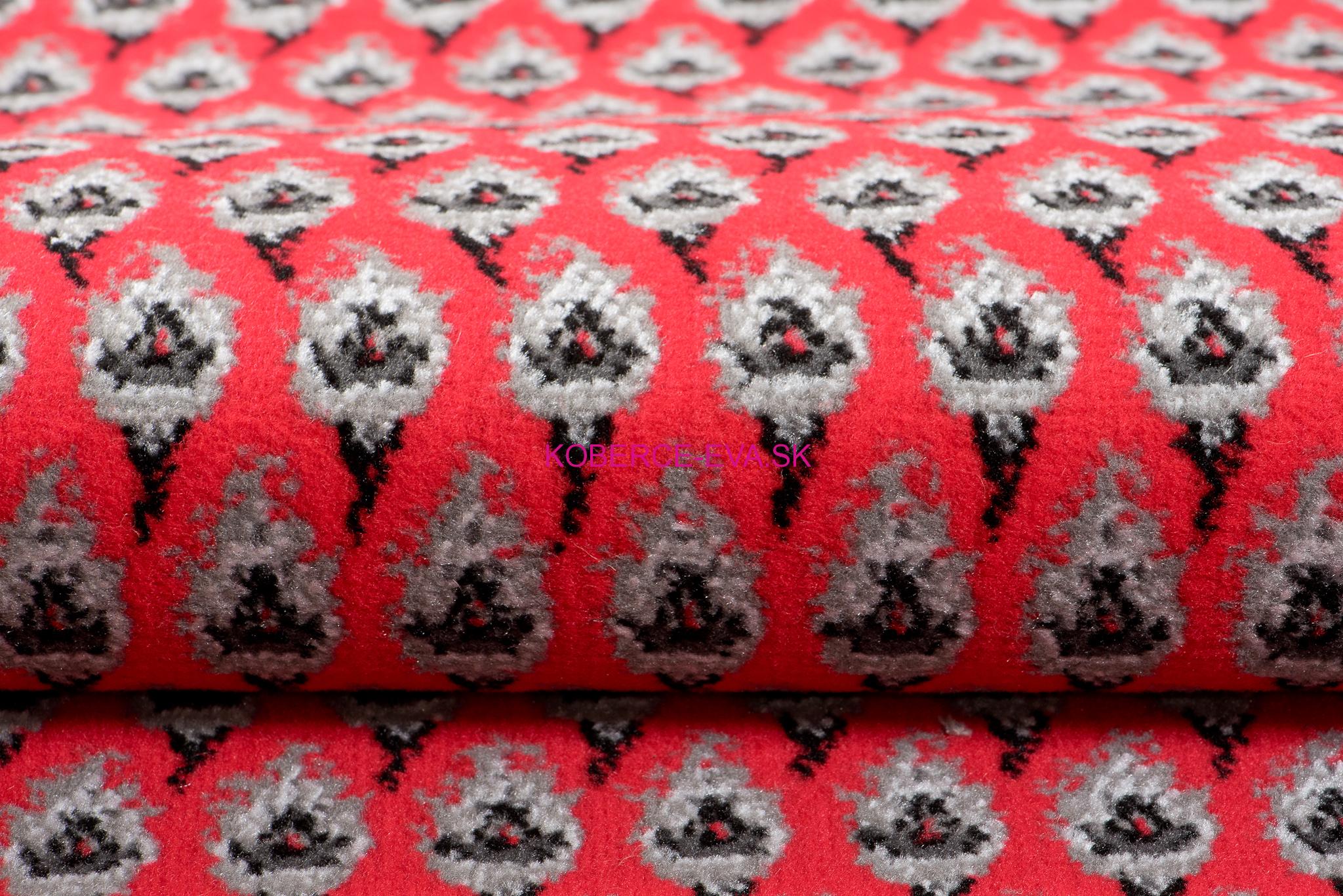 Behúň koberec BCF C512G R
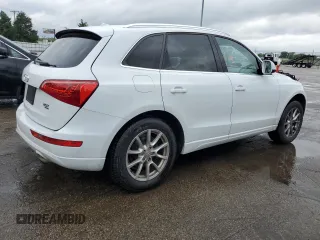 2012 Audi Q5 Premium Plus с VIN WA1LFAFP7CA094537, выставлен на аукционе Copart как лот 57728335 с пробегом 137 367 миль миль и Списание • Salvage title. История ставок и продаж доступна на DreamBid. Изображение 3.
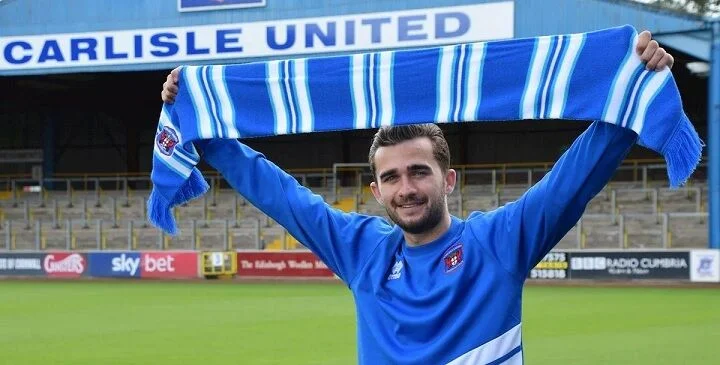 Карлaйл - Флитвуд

The task: The material above is to be transcribed exactly, with all pictures omitted.

Task response:
 Behúň koberec BCF C512G R
 2012 Audi Q5 Premium Plus с VIN WA1LFAFP7CA094537, выставлен на аукционе Copart как лот 57728335 с пробегом 137 367 миль миль и Списание • Salvage title. История ставок и продаж доступна на DreamBid. Изображение 3.
 Карлaйл - Флитвуд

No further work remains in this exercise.